А вот телеграмма в Харьков Антонову-Овсеенко, который командовал советскими войсками, действующими против украинской Центральной Рады и Каледина…
Впрочем, здесь тоже необходимо предварительное пояснение…
Харьковские капиталисты в ответ на введение 8-часового рабочего дня перестали своевременно выплачивать зарплату рабочим, и те обратились к эмиссару Ленина за помощью. Антонов-Овсеенко адресовался к местному ревкому, однако ревком никаких мер не принял. И тогда Антонов-Овсеенко вызвал к себе в штабной поезд 15 крупнейших капиталистов Харькова и предложил им изыскать 1 миллион рублей наличными для выплат рабочим. Когда заводчики отказались, Антонов-Овсеенко просто посадил их под замок в один из вагонов II класса и объявил, что если деньги не будут внесены в срок, арестанты отправятся на рудники (В. И. Ленин. ПСС, т. 50, примеч. 23 на с. 407).
Деньги, конечно, тут же нашлись, арестованных освободили, а Ленин, узнав об инциденте, отправил в Харьков 29 декабря 1917 (11 января 1918) года телеграмму:
«Харьков, Штаб Антонова, Антонову
От всей души приветствую вашу энергичную деятельность и беспощадную борьбу с калединцами.
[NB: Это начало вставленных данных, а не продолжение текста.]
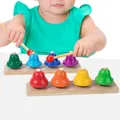 Cloches à main en bois diatoniques colorées 8 notes jouet Musical pour enfants en bas âge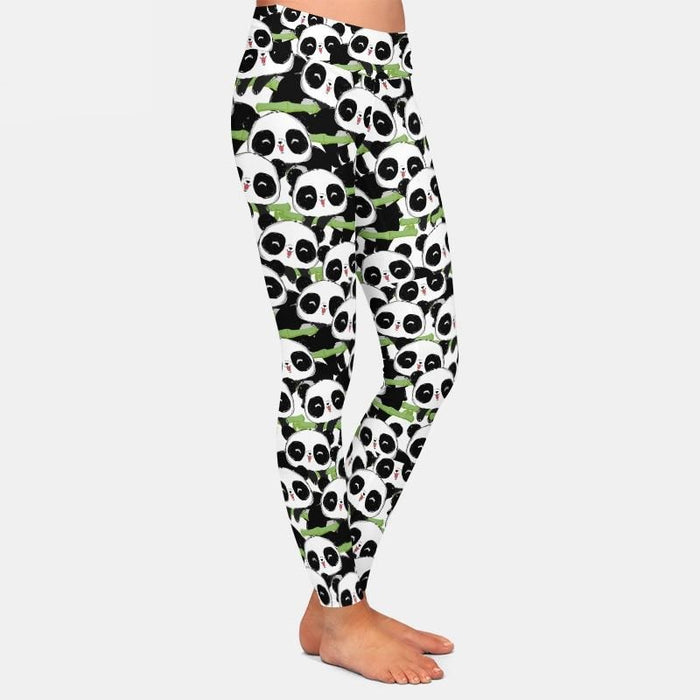 Ladies Cute Panda Printed Leggings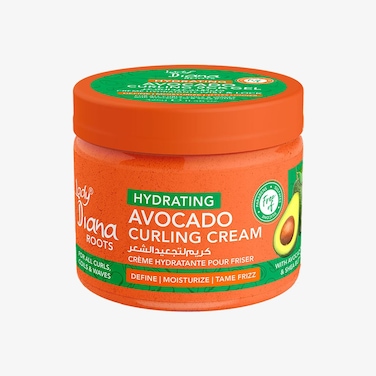 Lady Diana Roots Avocado &amp; Shea Butter Curling Cream - 325g   Define &amp; Nourish Curls with Rich Avocado &amp; Shea Butter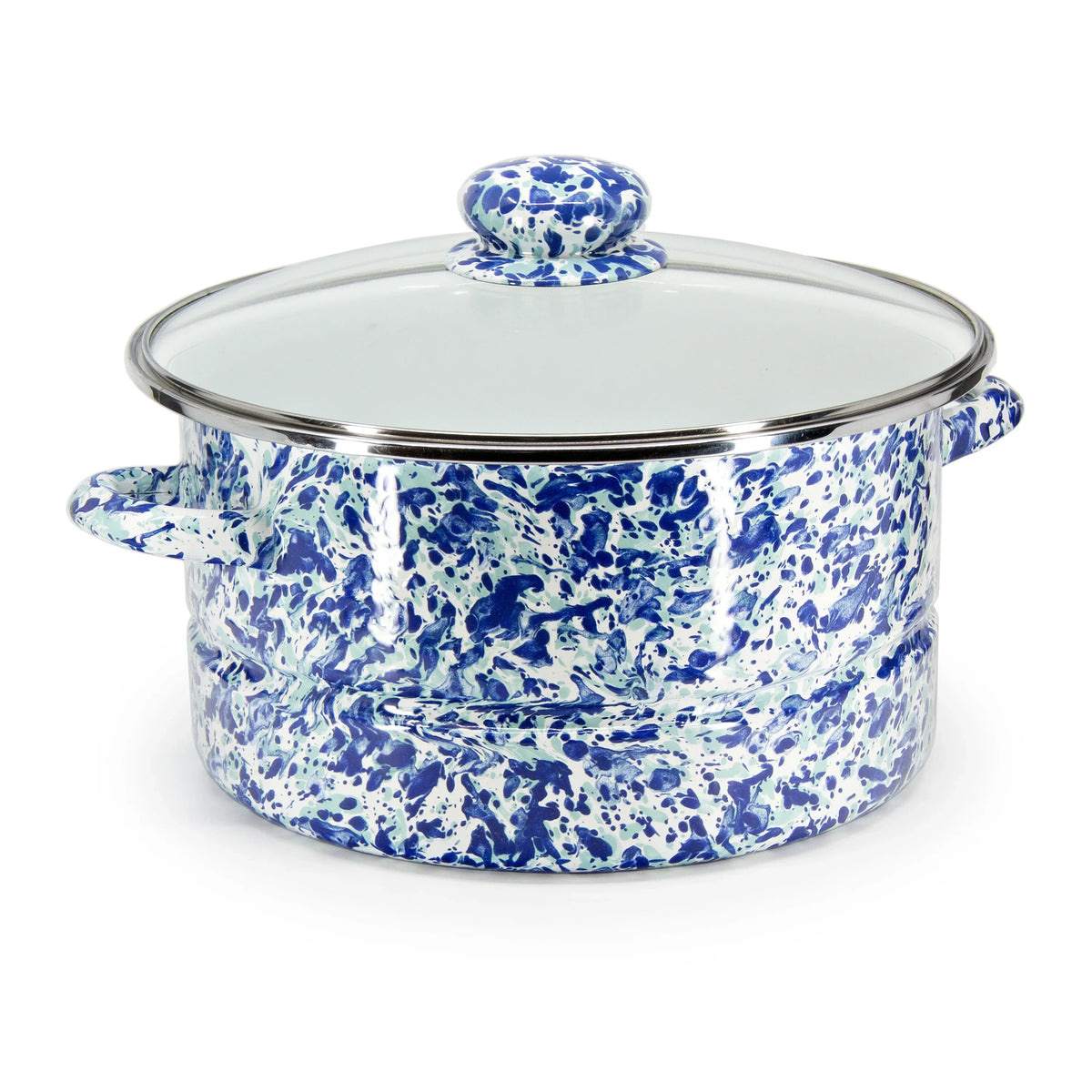 OC72 - Ocean Swirl 6 qt Stock Pot  1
Вполне одобряю вашу неуступчивость к местным соглашателям, сбившим, кажется, с толку часть большевиков. Особенно одобряю и приветствую арест миллионеров-саботажников… Советую отправить их на полгода на принудительные работы в рудники. Ещё раз приветствую вас за решительность и осуждаю колеблющихся.
Ленин»
(В. И. Ленин. ПСС, т. 50, с. 21–22.)
На следующий день телеграмму опубликовали «Правда» и «Известия ЦИК». Это была одна из первых грозных телеграмм Ленина, и особенно в 1918 году ему придётся направлять «на места» ещё более резкие и грозные телеграммы. Сегодня негодяи, выдрав эти телеграммы «с мясом» из контекста эпохи, пеняют ими Ленину. Об этом надо говорить отдельно (собственно, я много писал об этом в своём капитальном исследовании о Ленине). Сейчас же, после письма́ и телеграммы, приведу телефонограмму, а чуть позже — ещё и записку Ленина на одну и ту же тему…
Телефонограмма от 7 (20) января 1918 года в Народный Комиссариат юстиции:
«Я только что получил донесение, что сегодня ночью матросы пришли в Мариинскую больницу и убили Шингарёва и Кокошкина. Предписываю немедленно: во-первых, начать строжайшее следствие; во-вторых, арестовать виновных в убийстве матросов.
Ленин»
(В. И. Ленин. ПСС, т. 50, с. 26.)
Эта телефонограмма тоже была опубликована на следующий день в вечернем выпуске «Правды».
Суть тут была вот в чём…
Кадетские министры Временного правительства А. И. Шингарёв и Ф. Ф. Кокошкин содержались вместе с другими министрами в Петропавловской крепости, но по состоянию здоровья были переведены в больницу, где их убили матросы-анархисты с посыльного судна «Чайка» (по другой версии — охранявшие их солдаты).
Вообще-то, тогда — а это было как раз после роспуска Учредительного собрания — особым возбуждением против «бывших» были охвачены не только анархисты. Например, гарнизонный совет Петропавловской крепости в ночь на 2 (15) января 1918 года вынес резолюцию о лишении заключённых права передачи и свиданий. И Ленин — как Председатель Совнаркома вместе с наркомом юстиции Штейнбергом вынужден был направить коменданту крепости и гарнизонному совету предписание, где «отдавая должное чувству революционного энтузиазма, охватившего представителей гарнизона крепости», предлагал «пересмотреть решение и о последующем известить».